====== Supplied data ======
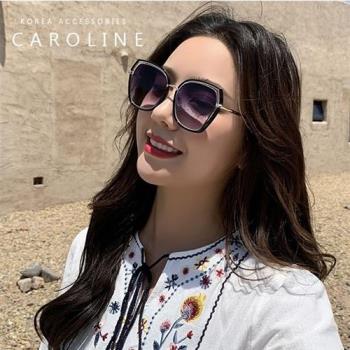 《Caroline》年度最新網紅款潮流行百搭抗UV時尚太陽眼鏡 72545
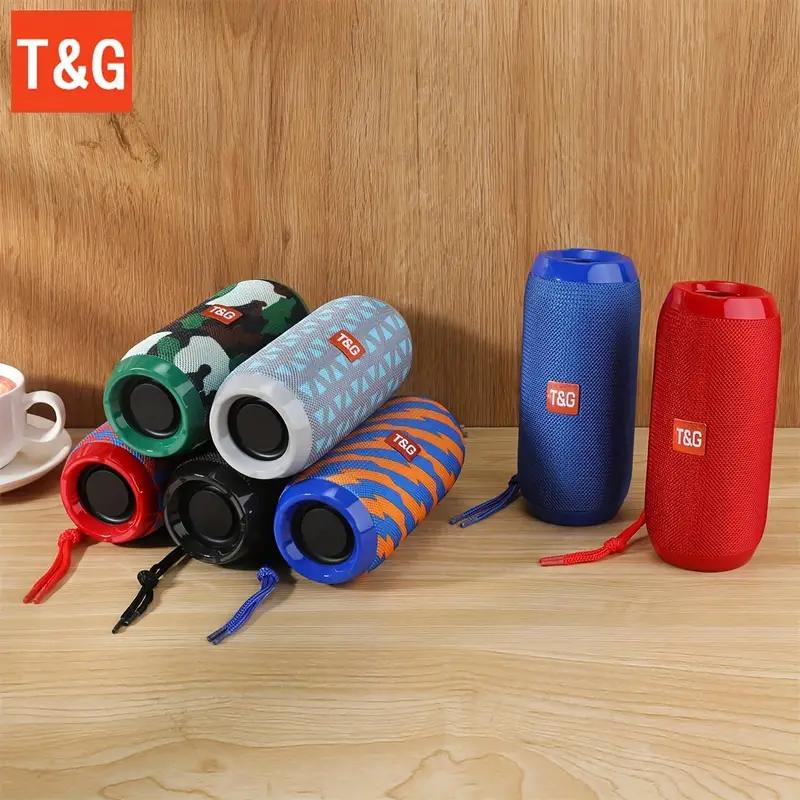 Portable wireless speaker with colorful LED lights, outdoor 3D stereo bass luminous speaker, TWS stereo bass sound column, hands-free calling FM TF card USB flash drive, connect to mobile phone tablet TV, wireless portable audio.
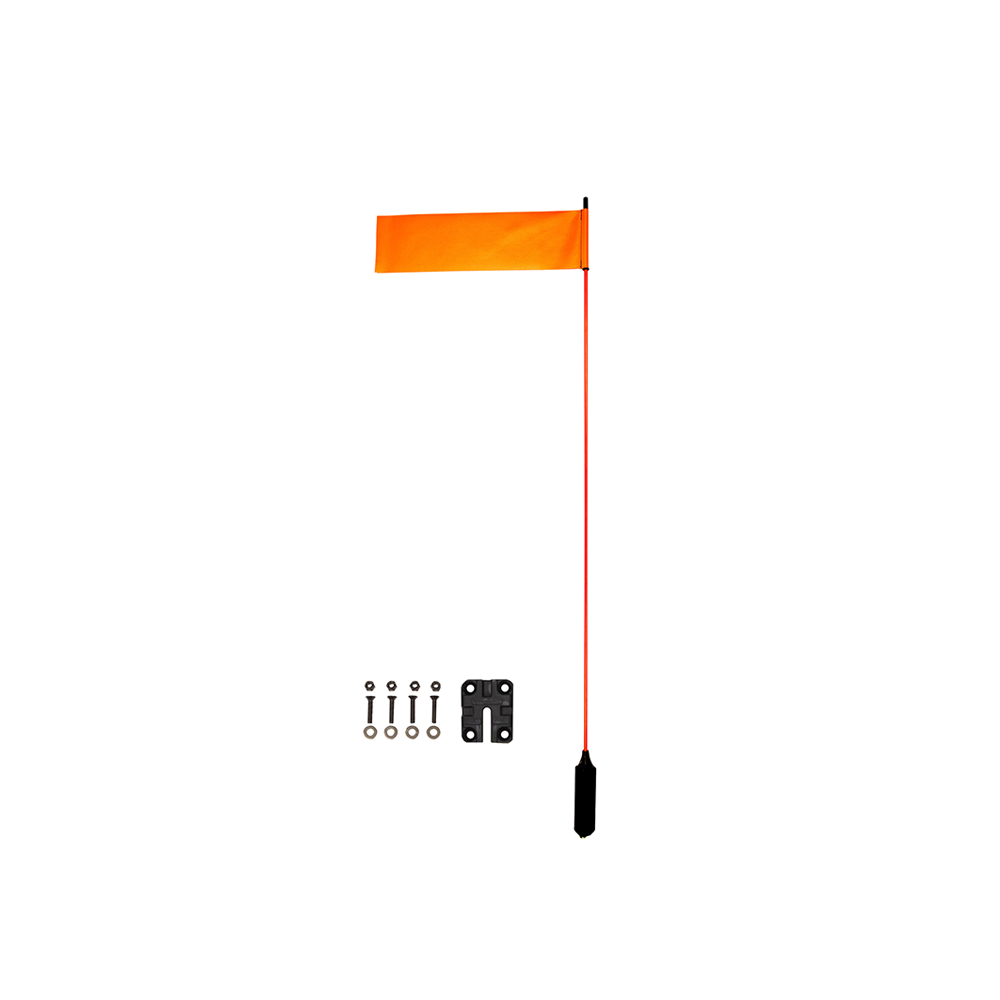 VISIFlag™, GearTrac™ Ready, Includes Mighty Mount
======
Would you return the material exactly, images excluded?

 《Caroline》年度最新網紅款潮流行百搭抗UV時尚太陽眼鏡 72545
 Portable wireless speaker with colorful LED lights, outdoor 3D stereo bass luminous speaker, TWS stereo bass sound column, hands-free calling FM TF card USB flash drive, connect to mobile phone tablet TV, wireless portable audio.
 VISIFlag™, GearTrac™ Ready, Includes Mighty Mount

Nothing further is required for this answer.